I suppose the argument could be made that as a private entity (while UC universities and Rutgers are, in fact, public, other private colleges have jumped on the Speech Code bandwagon) they have the right to make any laws they like, and those who choose to enter their premises have to obey them. But, if that’s the case, then how can we justify incidents where objecting bakers are required to sell wedding cakes to gay couples or a jeweler who actually went ahead and made rings for a gay couple was pressured to refund their money because the couple later learned he was against gay marriage? What about a politician forced to resign because he used the word “niggardly”—correctly in context—but others interpreted it as a racial slur?

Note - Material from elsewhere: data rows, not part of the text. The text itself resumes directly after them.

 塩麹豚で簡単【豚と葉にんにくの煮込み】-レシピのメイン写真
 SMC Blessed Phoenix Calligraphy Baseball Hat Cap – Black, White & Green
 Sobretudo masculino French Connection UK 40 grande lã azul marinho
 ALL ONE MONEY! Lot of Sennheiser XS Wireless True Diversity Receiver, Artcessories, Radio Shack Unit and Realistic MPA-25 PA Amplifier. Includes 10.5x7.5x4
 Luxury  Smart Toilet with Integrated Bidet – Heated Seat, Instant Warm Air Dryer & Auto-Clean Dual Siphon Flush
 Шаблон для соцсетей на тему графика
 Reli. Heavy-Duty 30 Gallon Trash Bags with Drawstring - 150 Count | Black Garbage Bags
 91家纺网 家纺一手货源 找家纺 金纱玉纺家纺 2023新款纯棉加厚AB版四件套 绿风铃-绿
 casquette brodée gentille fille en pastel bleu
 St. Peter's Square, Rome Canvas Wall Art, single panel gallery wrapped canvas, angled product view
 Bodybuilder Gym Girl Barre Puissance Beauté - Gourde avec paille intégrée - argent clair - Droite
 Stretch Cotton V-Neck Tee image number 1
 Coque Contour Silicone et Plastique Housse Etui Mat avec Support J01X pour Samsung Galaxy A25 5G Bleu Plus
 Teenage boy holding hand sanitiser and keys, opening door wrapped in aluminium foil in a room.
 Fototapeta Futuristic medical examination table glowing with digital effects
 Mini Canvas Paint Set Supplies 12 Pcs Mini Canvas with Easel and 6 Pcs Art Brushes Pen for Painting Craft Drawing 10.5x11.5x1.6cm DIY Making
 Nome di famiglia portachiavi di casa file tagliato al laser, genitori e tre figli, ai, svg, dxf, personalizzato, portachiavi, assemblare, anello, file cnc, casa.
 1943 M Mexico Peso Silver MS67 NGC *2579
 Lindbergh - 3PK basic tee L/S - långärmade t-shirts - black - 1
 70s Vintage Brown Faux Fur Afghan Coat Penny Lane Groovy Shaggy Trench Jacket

Shouldn’t it be rights for everybody or rights for nobody? It’s either private entities have the right to do whatever they want based on whatever they believe, or private entities have to follow public law and/or public option regardless of their own desires. You can’t have it both ways. You can’t pick and choose contingent on the issues or the group being targeted.

I know where I stand. Like that great anti-Semite Voltaire, I do not agree with what you say, but I’ll defend to the death your right to say it (which, for the record, Voltaire didn’t say; it’s actually a pithy summery of his stance from Evelyn Beatrice Hall’s biography).

READ: Why We Need to Stop Using the Term ‘Grammar Nazi’

Jewish students should know what they’re getting into when choosing which college to attend. They can pick one not known for it’s anti-Israel activity and anti-Semitism, or they can step in with their eyes open and either fight or go about their business without comment. The choice is theirs (or, as I said back in March, mine, if I’m the one footing the bill). It just shouldn’t be the university’s.